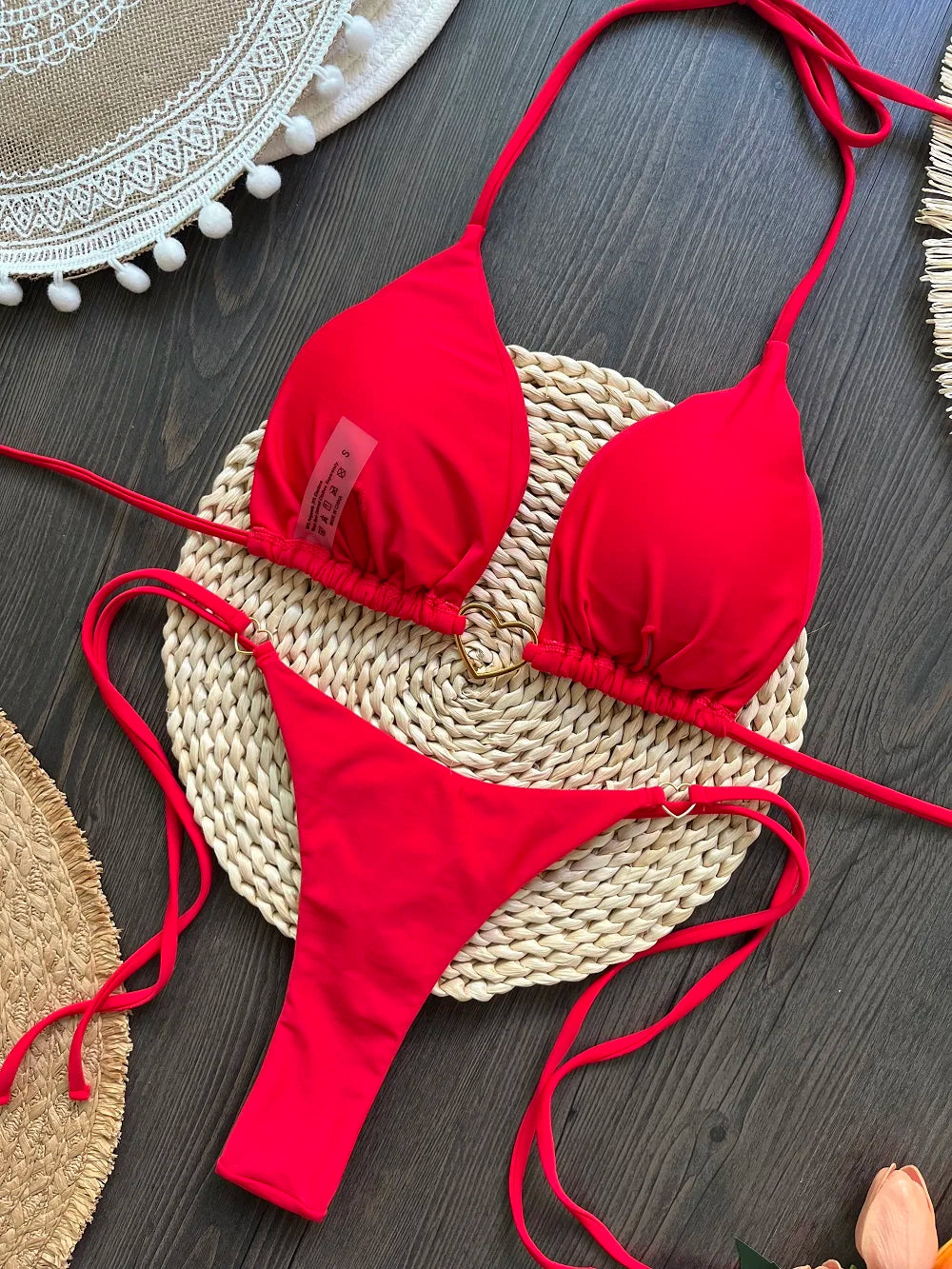 Bikini ajustable corazón dorado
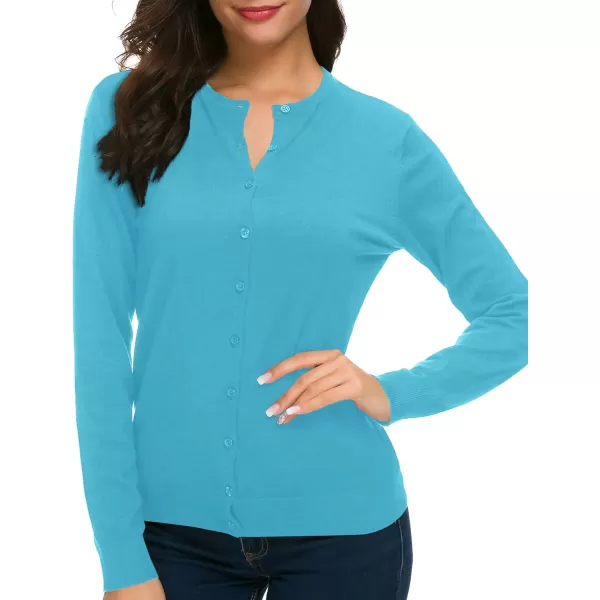 Urban CoCo Womens Long Sleeve Crew Neck Button Down Knit Cardigan SweaterLake Blue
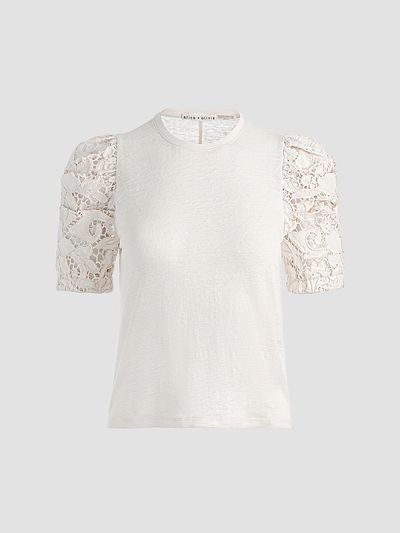 ALICE + OLIVIA Women's Tyler Lace-Sleeve Crewneck Top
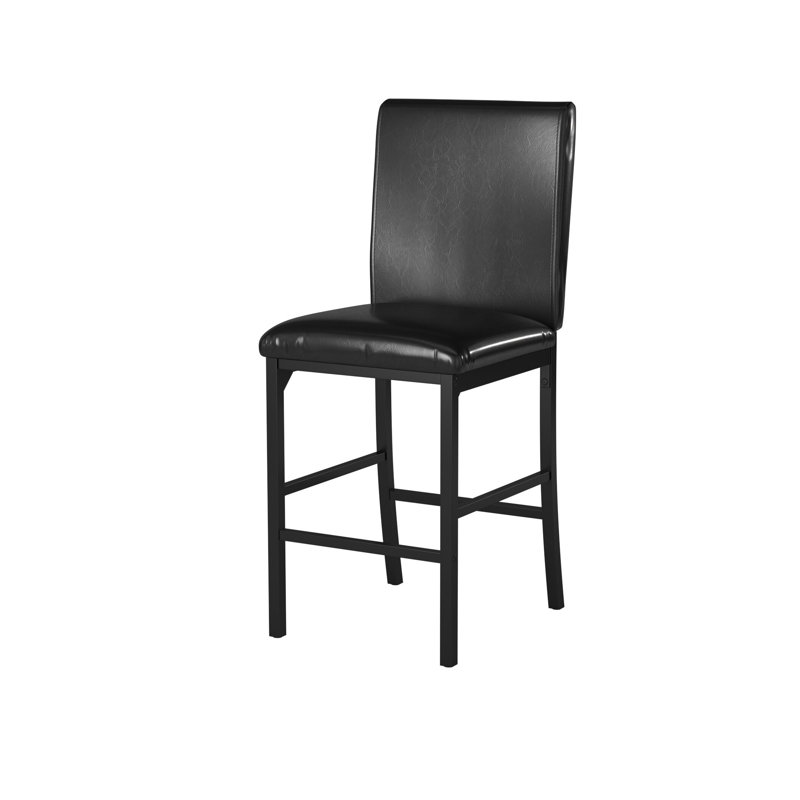 Ensemble de 4 chaises de salle à manger à hauteur de comptoir avec structure en métal, siège en similicuir brun et finition noire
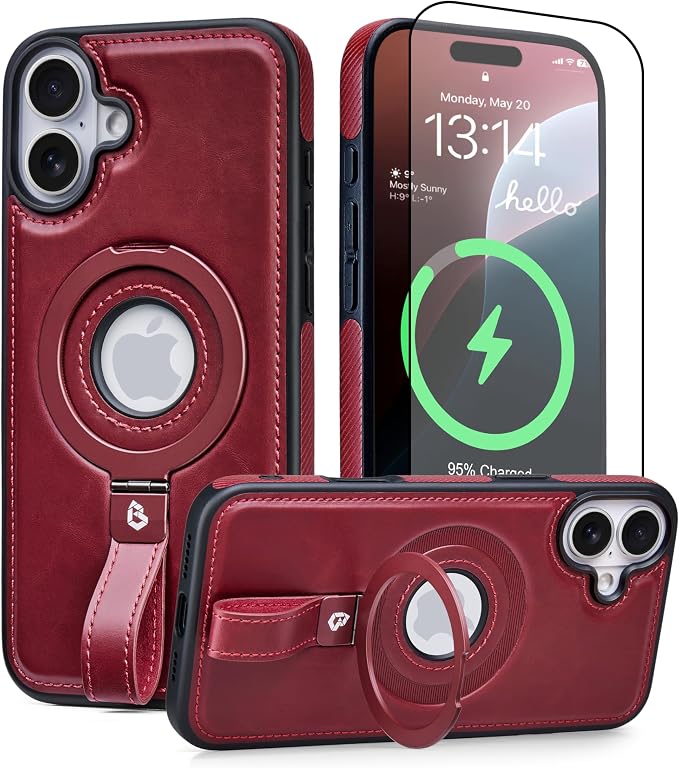 for iPhone 16 Plus Leather Case with Stand, Anti-Slip Grip Ring, Fits for MagSafe (Burgundy, iPhone 16 Plus)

• [What this task involves]:
Your task is to copy exactly the lines from the line containing "Urban CoCo Womens" through the final line of the listing above and to omit every picture.

• [Task result]:
 Urban CoCo Womens Long Sleeve Crew Neck Button Down Knit Cardigan SweaterLake Blue
 ALICE + OLIVIA Women's Tyler Lace-Sleeve Crewneck Top
 Ensemble de 4 chaises de salle à manger à hauteur de comptoir avec structure en métal, siège en similicuir brun et finition noire
 for iPhone 16 Plus Leather Case with Stand, Anti-Slip Grip Ring, Fits for MagSafe (Burgundy, iPhone 16 Plus)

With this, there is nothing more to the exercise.